# GEAR REVIEW: Volkl 5 Star, Volkl AC3, K2 Apache Recon, Rossignol Z9



## Catul (Jan 28, 2006)

I'm a strong intermediate skier (about PSIA Level 7), 6'2" and 210lbs, just getting back into skiing this season after a 6 year layoff (kids!).  I knew I needed new skis so I bought a pair of Volkl 4 Star (175cm) off eBay in early December.  I really like those skis, but wondered just how much better the 5 Star and other top-rated skis were, and if I'd even be able to tell the difference at my ability level.

I managed to line up the Volkls I was interested in, and also got a chance to try out a couple of others.  This was at Jiminy Peak yesterday, conditions were fairly firm packed powder with some loose powder on the sides and crud on a few runs (from the snow guns).  I like carving medium and long turns at medium speed, and pretty much stay on-piste; no bumps, trees etc. for me yet.  Here's what I thought:

*Volkl 5 Star (175cm)*:  Loved it - everything from it's rebound energy, immediate response, turn initiation to carving on a rail-like feeling!  What a blast, this ski can do short, medium or long turns effortlessly, whatever you want.  Stay in the sweet spot and it will reward your effort - I loved the "pop" coming out of turns, this is the ski that put the biggest grin on my face!

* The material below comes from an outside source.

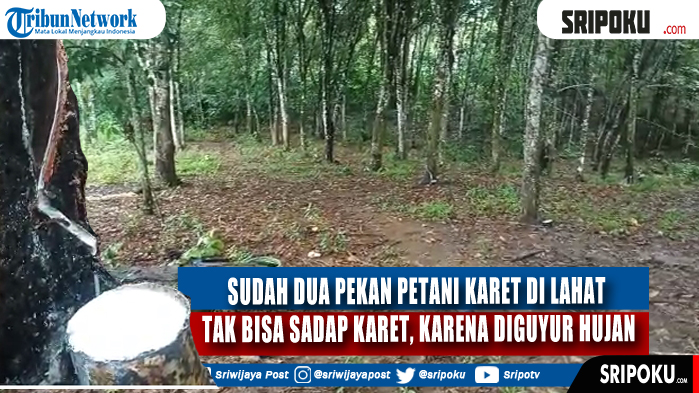 petani-karet-lahat-galau.jpg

*Volkl Unlimited AC3 (177cm)*: Same phenomenal edge hold as the 5 Star, but with a little less of that rebound energy - also felt like it was a little more work to initiate varying turns.  I did get going a little faster than I should have down one run, and this ski was unbelievably stable, what a great feeling   In retrospect, I should've tried the 170cm version, that would be the ideal length for my ability and weight.

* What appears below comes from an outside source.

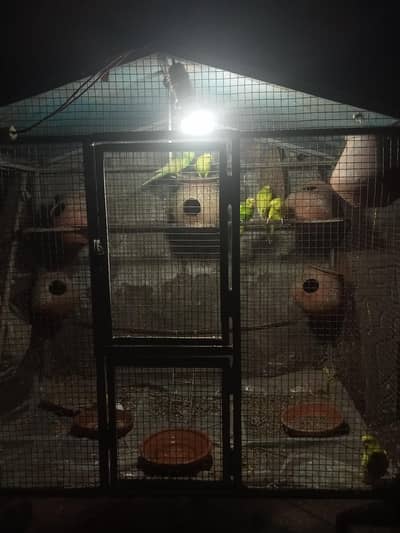 parrots walking with cage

*K2 Apache Recon (174cm)*: Tried this on the strong recommendation of the shop guy.  I couldn't believe that a ski that was so much wider underfoot could turn this well - again, comfortable at varying radius turns and was the best in the crud.  However, also lacked the liveliness of the 5 Star, and I felt it didn't have that unflappability of both Volkls.

*Rossignol Zenith Z9 (170cm)*: I'd read quite a bit about this ski and was eager to try it.  Turns on a dime, caught me off-guard at first - you barely have to think about turning, tip it ever so slightly and it is in a solid carve right away.  Pretty easy to initiate turns, good edge grip and forgiving too.  However, I really didn't like what I felt was it's "one-mindedness", it's like it only wanted to make certain types of turns and seemed to almost fight me when I wanted longer/faster GS turns.  Didn't quite have the stability of the Volkls either.

To sum up, both Volkls had a wonderful solid feel and were amazingly stable.  The 5 Star was the best for my kind of skiing, I absolutely loved its energy.  The AC3 would be more versatile in the trees, etc. as would the Recon - I found these two fairly similar overall except for that unflappable feeling in favor of the AC3.  The Rossignol Z9 wasn't the ski for me, mainly because of what I felt was less responsiveness to varying turns.

I've already got Volkl's new Supersport S5 (their 2006-2007 replacement for the 5 Star which is now 1mm wider throughout and has the same IPT binding as the Allstar) on order - should be here in a couple of weeks 

Hope this helps someone considering these skis, especially from the viewpoint of an intermediate.


----------